• Assignment
Repeat the data in full and exactly. Leave the pictures out.

• Dataset extract
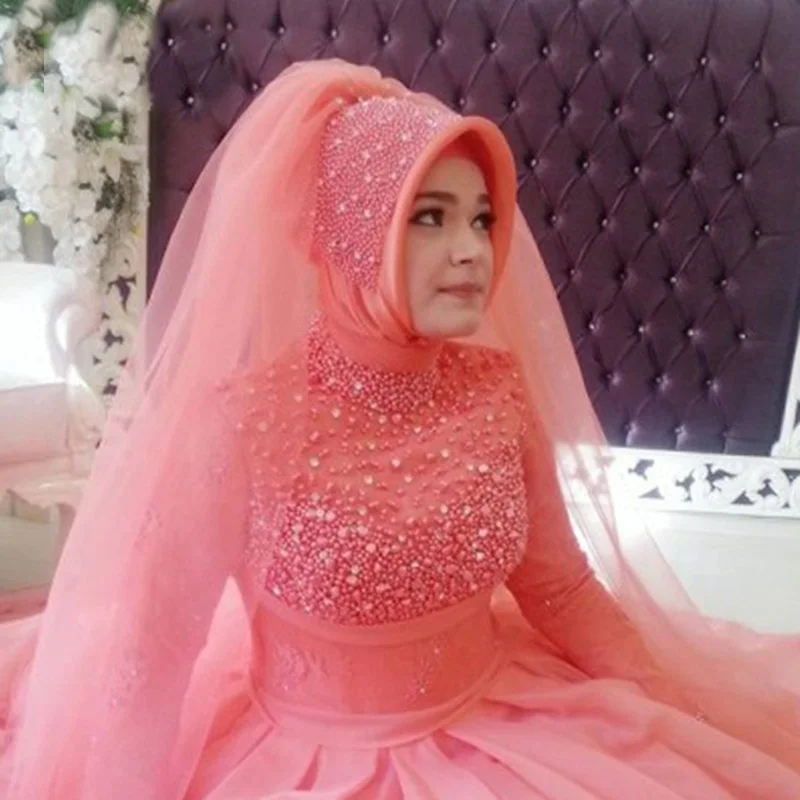 Long Sleeve Turkey Bridal Gowns Handcraft Beads Pearls Red Muslim wedding Dress Hijab Ruched Robes De Maraige wedding gowns
Long Sleeve Turkey Bridal Gowns Handcraft Beads Pearls Red Muslim wedding Dress Hijab Ruched Robes De Maraige wedding gowns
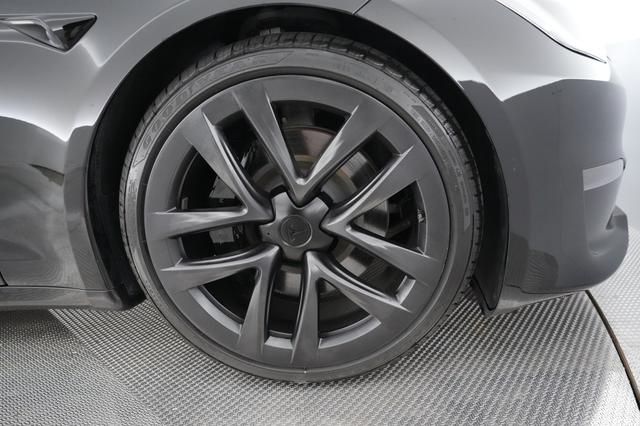 2023 Tesla Model S — photo 7 of 24
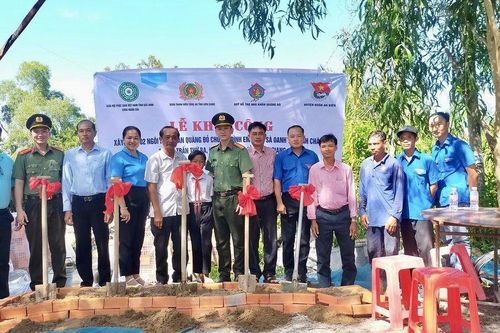 Kiên Giang: Đoàn Thanh niên Công an tỉnh phối hợp khởi công 2 công trình 'Khăn quàng đỏ'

• Solved problem
 Long Sleeve Turkey Bridal Gowns Handcraft Beads Pearls Red Muslim wedding Dress Hijab Ruched Robes De Maraige wedding gowns
Long Sleeve Turkey Bridal Gowns Handcraft Beads Pearls Red Muslim wedding Dress Hijab Ruched Robes De Maraige wedding gowns
 2023 Tesla Model S — photo 7 of 24
 Kiên Giang: Đoàn Thanh niên Công an tỉnh phối hợp khởi công 2 công trình 'Khăn quàng đỏ'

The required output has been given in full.